[KDE Dot News]
 faq
 flatforty
 contribute
 subscribe
 configure
 search
 rdf

 main


  FOSDEM 2005: Desktop Search Interview
Community and Events Posted by Jonathan Riddell on Wednesday 23/Feb/2005, @05:04
from the they-look-here-they-look-there dept.
The schedule for the KDE developers room talks at FOSDEM is now online. Our final interview with the speakers is with Scott Wheeler who will be giving a talk titled "KDE 4: Beyond Hierarchical Data, The Desktop as a Searchable Web of Context". FOSDEM is this weekend, see you there.

Please introduce yourself and your role in KDE.

I feel like I've been asked this question enough times that I should have an exciting answer by now. But well, I wrote JuK and TagLib as well as a couple of other small applications in KDE CVS and do some work on a handful of things in kdelibs and elsewhere across KDE.

What kind of search capabilities do you think a modern desktop should have?

Well, I think I'd like to step back a bit first and look a little at the problem — and the problem isn't a lack of a search tool, the problem is that it's hard to find things. Search tool or no, all of the ideas flow from the idea of solving the problem rather than just creating a new tool. So, in a sense, I don't think a modern desktop should have a search tool; I think a modern desktop should make it easy to find stuff — we're then left with how to get there.

And I suppose with all of the buzz around search tools these days people have a much more concrete idea in mind when they hear about searching on the desktop.

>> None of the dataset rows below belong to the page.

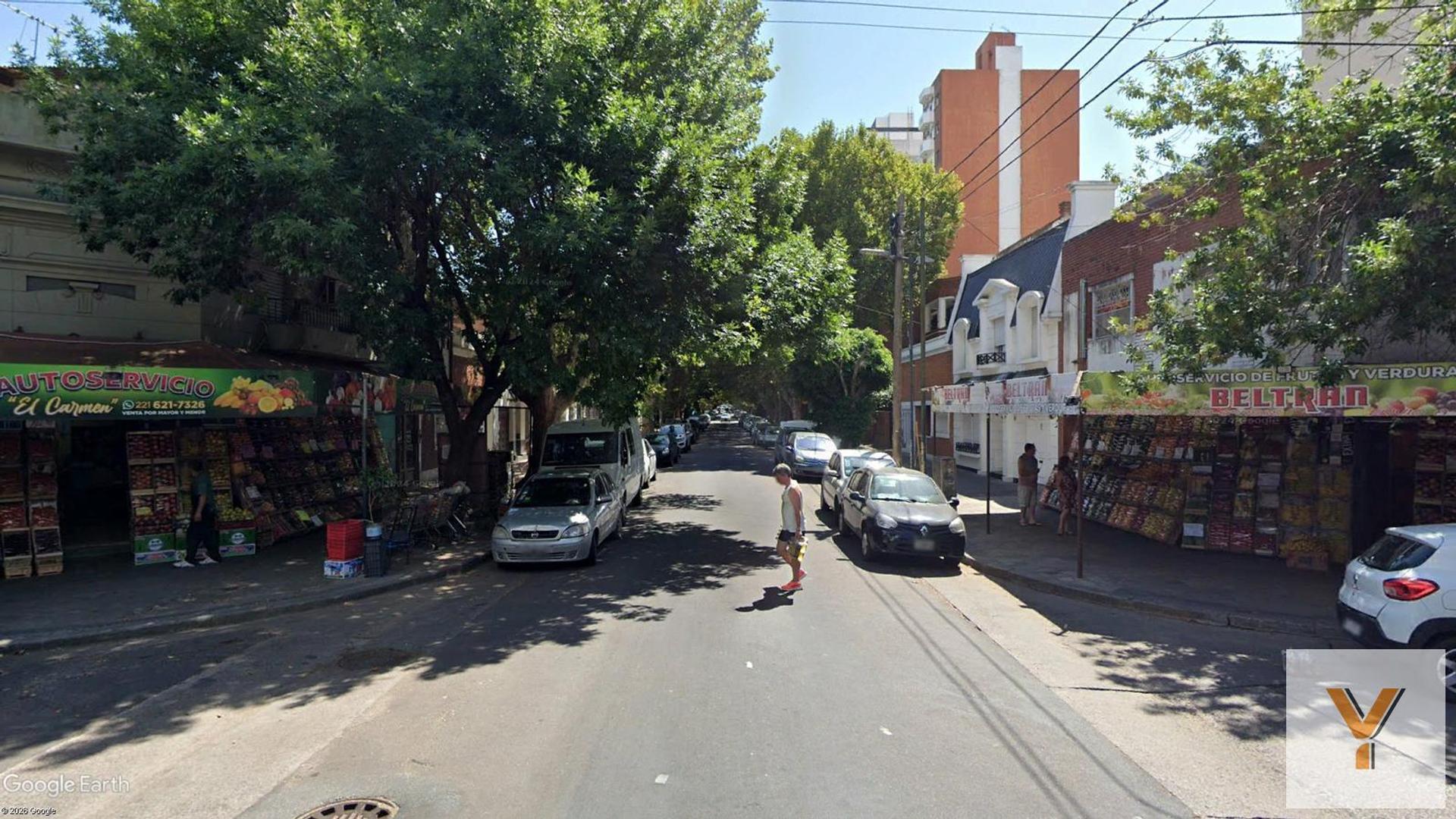 Departamento en Alquiler de 3 dormitorios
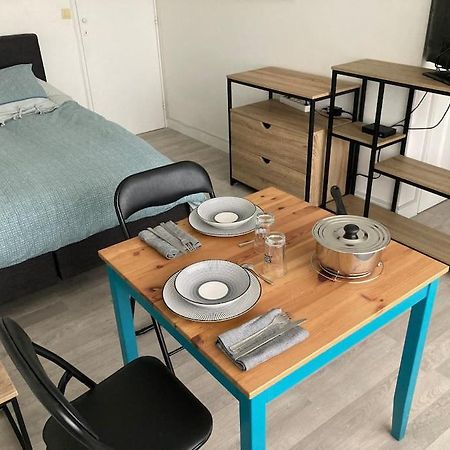 Grand Studio Confort Эврё Экстерьер фото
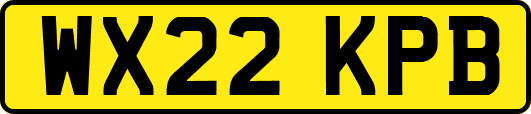 WX22KPB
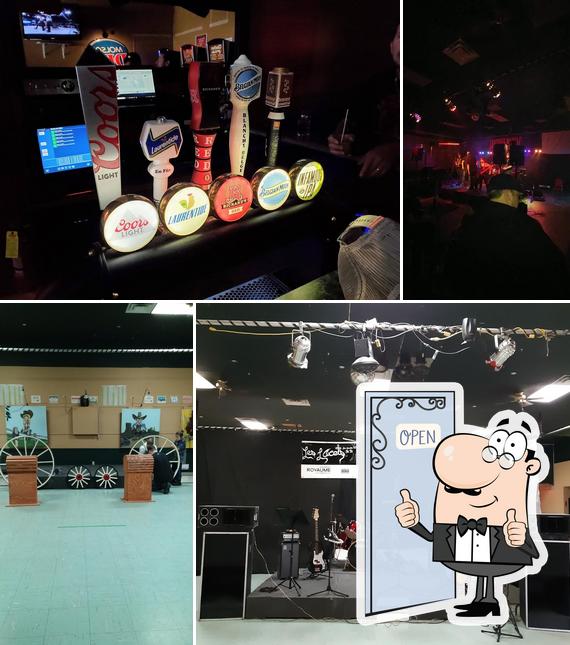 Bar Roco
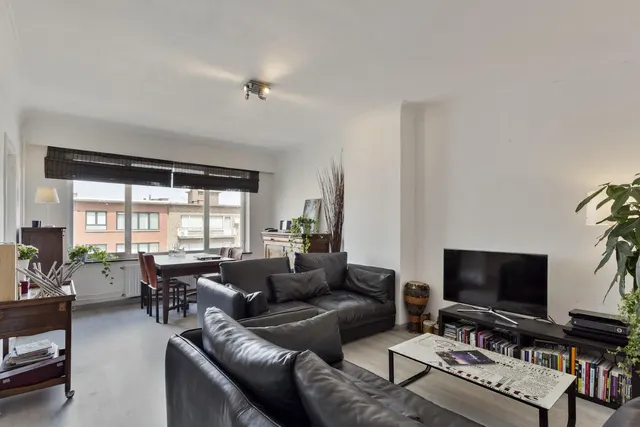 Appartement te koop in Antwerpen Hoboken – 1/10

But such wasn't the case when I started kicking these ideas around a while back. Spotlight was announced a few days after I'd submitted my abstract for the KDE Developer's conference, Beagle was relatively low profile, Google for the Desktop and its successors hadn't entered the scene yet, etc.

So, I think — fundamentally "what sort of search should the desktop have" is almost the wrong question. "How should we make it easier to work with the data we accumulate on the desktop?" is closer to the right question. I think search is just part of the answer.

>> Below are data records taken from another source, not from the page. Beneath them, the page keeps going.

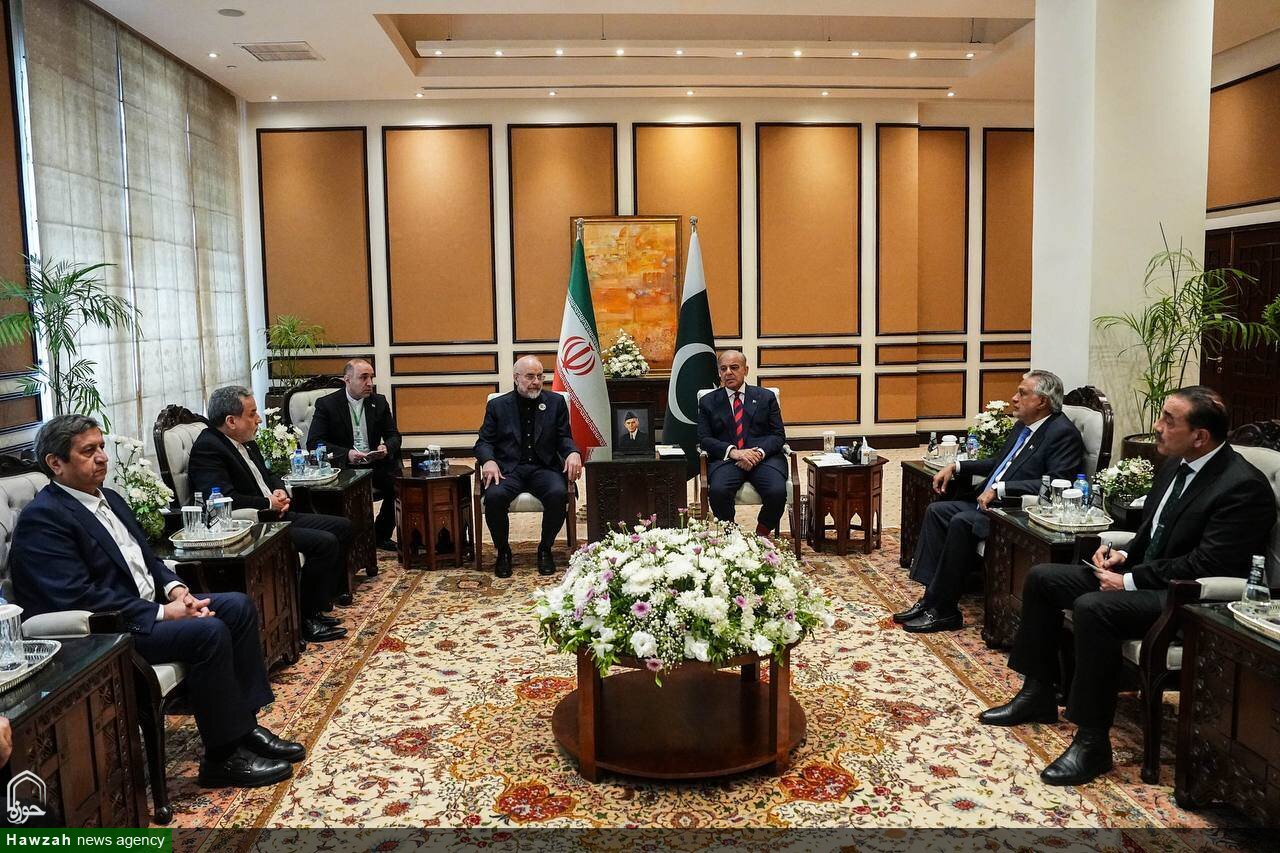 پیام استاد هادوی تهرانی در پی مذاکرات اسلام آباد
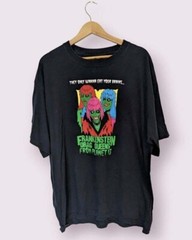 Frankenstein Drag Queens from Planet 13 T-shirt Band shirt sIZE s To 4XL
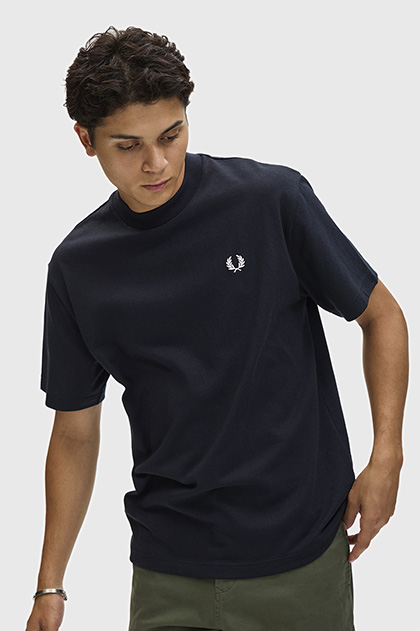 Relaxed T-Shirt
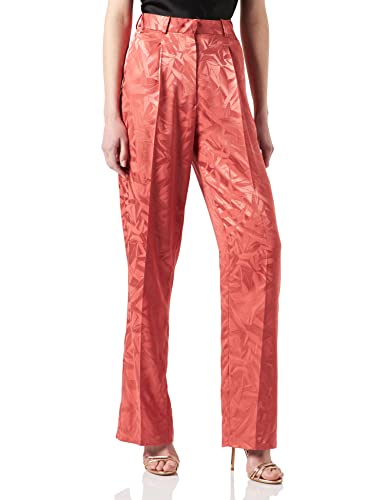 Just Cavalli Damskie spodnie Pantalone Donna, niebieski, 30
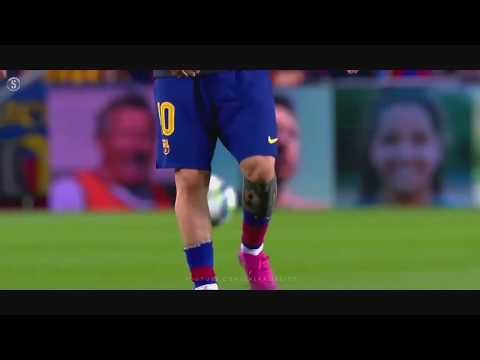 اجمل مهارات وأهداف ليو ميسي 2020 مع اغنية رائعة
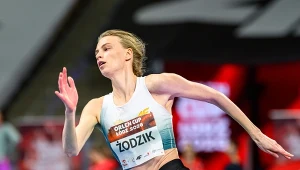 Wicemistrzyni świata wróciła na rozbieg i wprost ocenia formę. “Mogłam się tego spodziewać”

Where did the idea of integrating a search capability throughout KDE come from?

Well, a few things actually. It mostly came from not being able to find things and asking some fundamental questions about how we organize and access information on the desktop. The first step — and this is tied up with the first part of the name of both this talk (which is related to the one that I gave at Linux Bangalore) and the one at the KDE conference this summer — is that hierarchical interfaces simply don't make sense in a lot of cases.

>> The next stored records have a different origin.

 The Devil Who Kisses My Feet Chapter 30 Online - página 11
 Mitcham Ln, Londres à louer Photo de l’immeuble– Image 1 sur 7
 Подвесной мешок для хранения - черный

When I started looking around for examples of how this had played out in other domains of information, the most obvious example was the World Wide Web, where we've already moved from hierarchical interfaces to search based interfaces. It seemed logical that we could learn from that metaphor.

On the technical side of things I'd just written the listview search line class (used in JuK) that's now fairly prevalent in KDE that makes filtering of information in lists much easier, so that played into things too.

What do you think of other search tools such as GNOME's Beagle and Google's Desktop Search?

Well, they're fundamentally different in scope. Again, right now the term "desktop search" actually means something; that wasn't really true when I started working on these ideas this summer. So while there are some things in common, they're really pretty different approaches.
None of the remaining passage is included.